Exercise data.
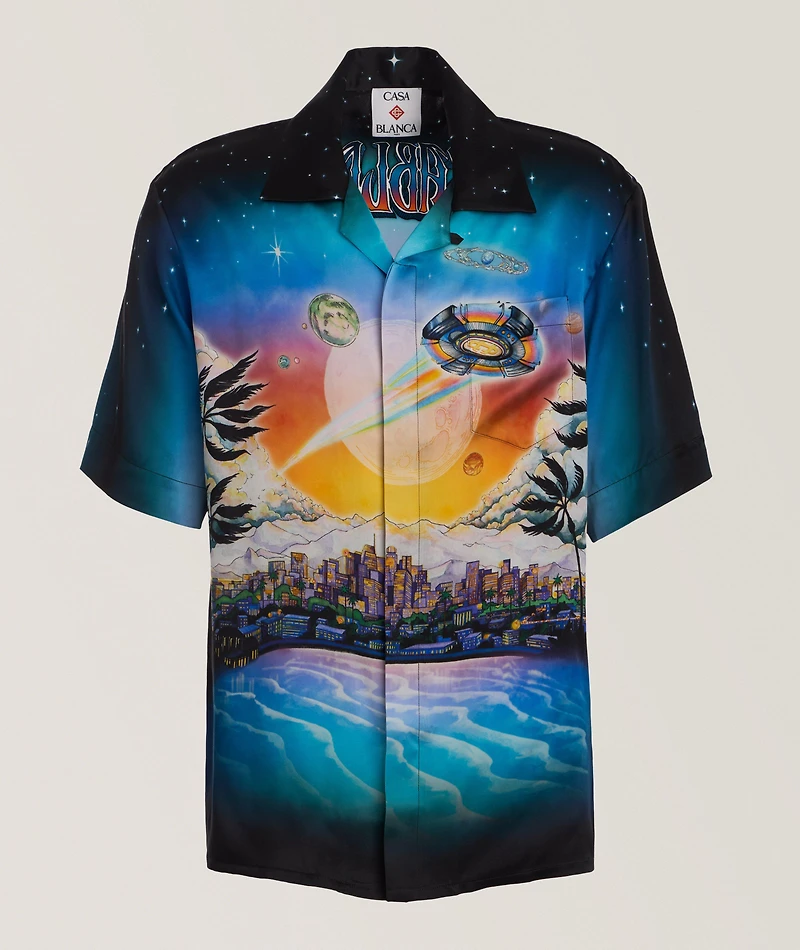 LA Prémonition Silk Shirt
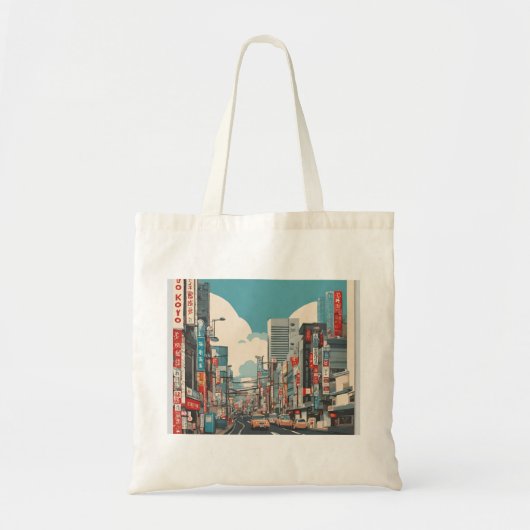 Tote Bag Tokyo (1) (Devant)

--

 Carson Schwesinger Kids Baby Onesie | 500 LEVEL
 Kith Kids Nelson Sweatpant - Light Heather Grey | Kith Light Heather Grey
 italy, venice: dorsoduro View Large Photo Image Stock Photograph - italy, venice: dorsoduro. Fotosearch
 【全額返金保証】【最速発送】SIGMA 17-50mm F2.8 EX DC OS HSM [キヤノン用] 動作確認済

The problem.
Determine how many lines of the records above hold the word "Kids" and give the number with nothing added.

Result of this exercise.
2